Pseudomyrmex seminole casent0103884 profile 1.jpg

Pseudomyrmex seminole casent0103884 dorsal 1.jpg

Specimen Label

Possible a facultative, temporary social parasite of Pseudomyrmex pallidus.


Ward (1985) - P. seminole occurs sympatrically with the closely related Pseudomyrmex pallidus. Workers of P. seminole may be recognized by the less convergent frontal carinae (MFC ≥ 0.029 in P. seminole, ≤ 0.024 in P. pallidus), shorter eyes, and weakly angulate median portion of the anterior clypeal margin. The angulate clypeus of P. seminole tends to be a little more produced than that of P. pallidus workers (CDI 0.040-0.064 in P. seminole, 0.030-0.054 in P. pallidus). On average, the petiole and postpetiole of P. seminole are longer and more slender than those of P. pallidus, but there is sufficient variation in both species that the relevant metrics overlap broadly. Differences between the queens of the two species are more pronounced and the male genitalia of P. seminole are quite distinct (see keys to queens and males).

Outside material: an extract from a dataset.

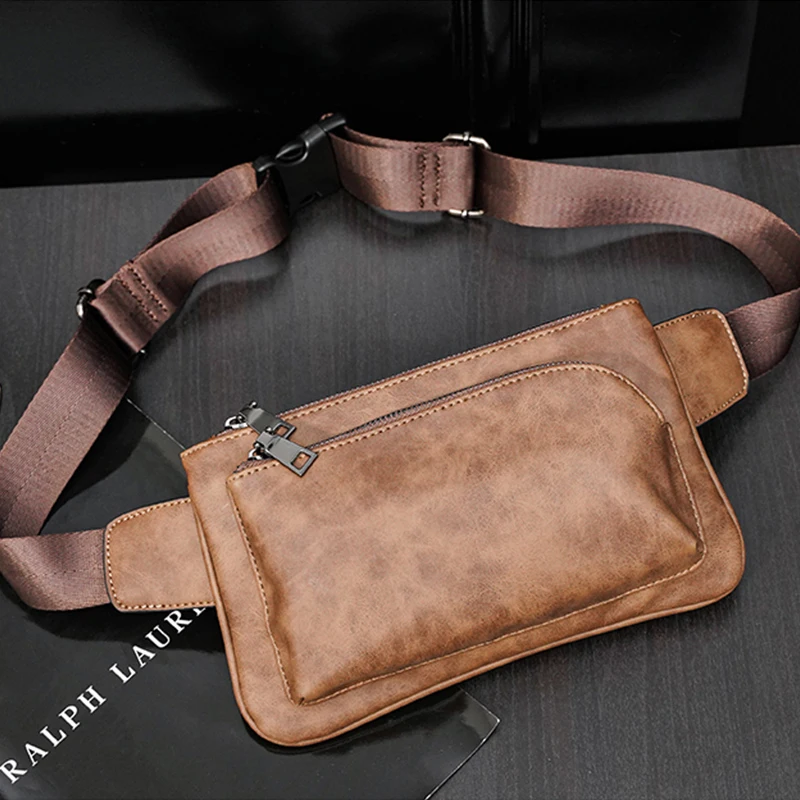 Male Mini Phone Backpack Leather Motorcyclists Chest Purse Waterproof Sports Cycling Fanny Pack Small Crossbody Bag for Men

Keys including this Species


Gulf coast of USA and Mexico. Also known from the Bahamas.

Distribution based on Regional Taxon Lists

Nearctic Region: United States (type locality).
Neotropical Region: Cuba, Mexico.

Distribution based on AntMaps


Distribution based on AntWeb specimens

Check data from AntWeb


Ward (1985) - I have collected nests of P. seminole in dead stalks or culms of Andropogon, Heterotheca subaxillaris, Uniola paniculata, and an unidentified woody legume. None of these nests was polygynous; some were queenless, indicating that this species is polydomous.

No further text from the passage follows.